Patauger dans la mer. La parcourir en voilier.

Imaginez le gain économique… si l’on compte le tourisme, le transport maritime, la pêche, l’aquaculture, les océans nous rapportent jusqu’à 6 milliards de dollars par an. Mais en ce qui concerne la pêche il y a une arrête dans le poisson. Pendant des années, on s’est félicité de l’augmentation des prises débarquées dans les ports. Preuve selon les professionnels que le ressource en mer était abondante. Et non, Preuve que les bateaux et les techniques de pêche sont devenu de plus en plus performants.

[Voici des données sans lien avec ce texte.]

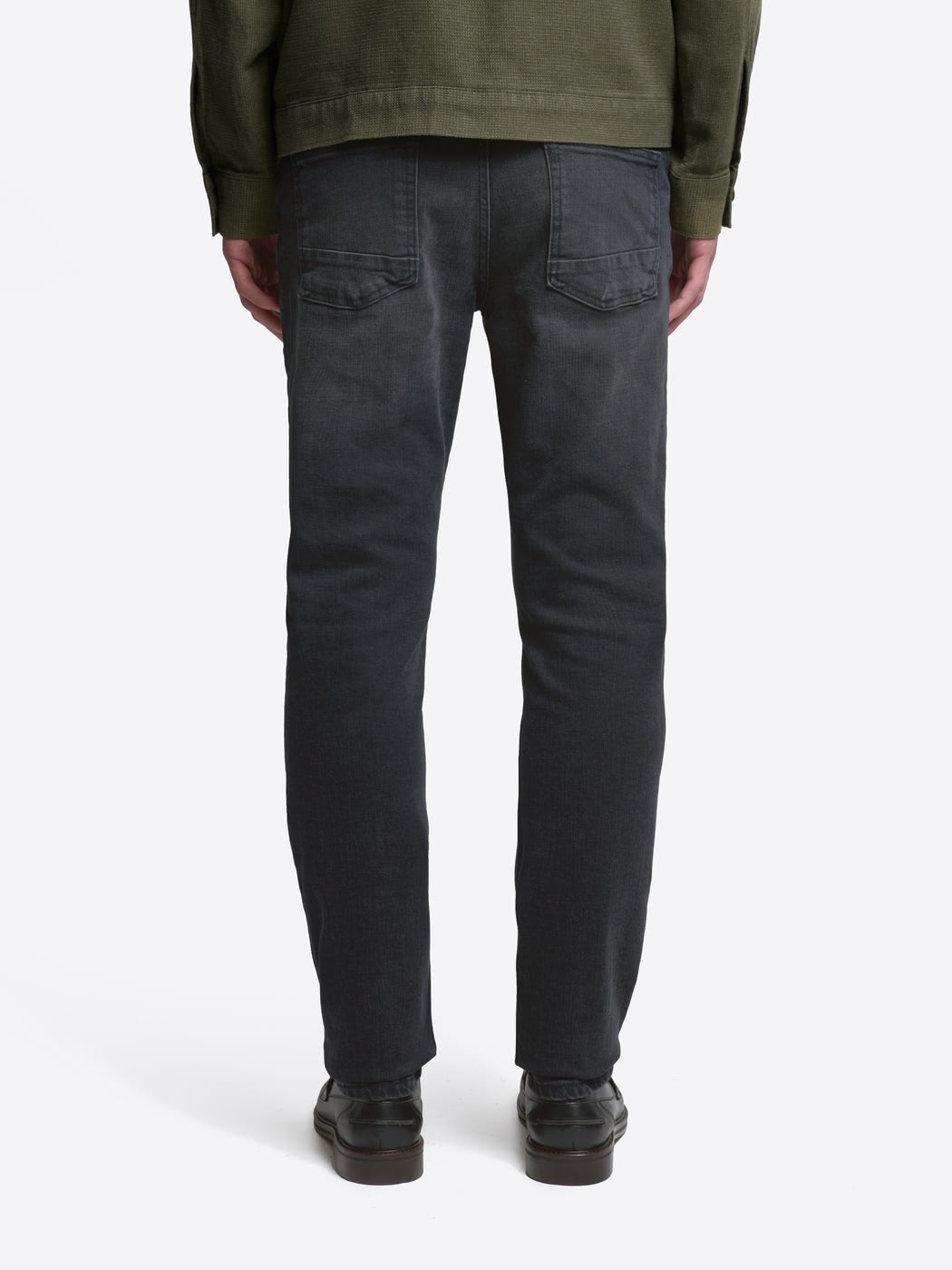 Jean denim slim stretch - DEVRED 1902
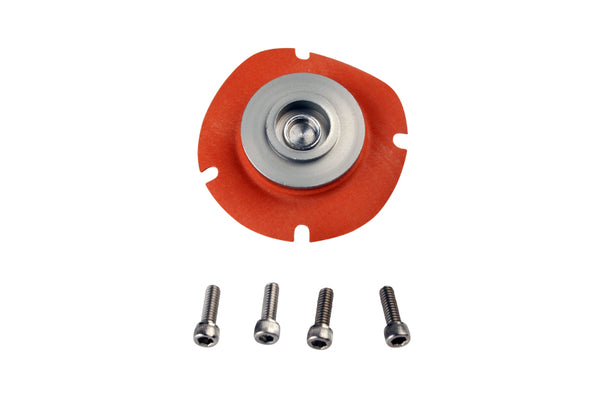 Aeromotive Fuel Pressure Regulator Repair Kit Suits 13202, 13113, 13209, 13214, 13212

Grace aux océans qui recouvrent plus de 70% de la planète. Nous respirons. Ils produisent la moitié de l’oxygène sur terre. Ils absorbent le quart de nos émissions de gaz à effet de serre. Mais… nous vidons les océans, le corail blanchit, la mer s’acidifie, Il se pourrait bien qu’un jour les océans soient égoïstes. Entre les glaciers qui fondent sur terre et les pôles, Plus 50 centimètres de hausse seulement et plus d’un million de personnes serait obligé de déménager, de quitter le littoral.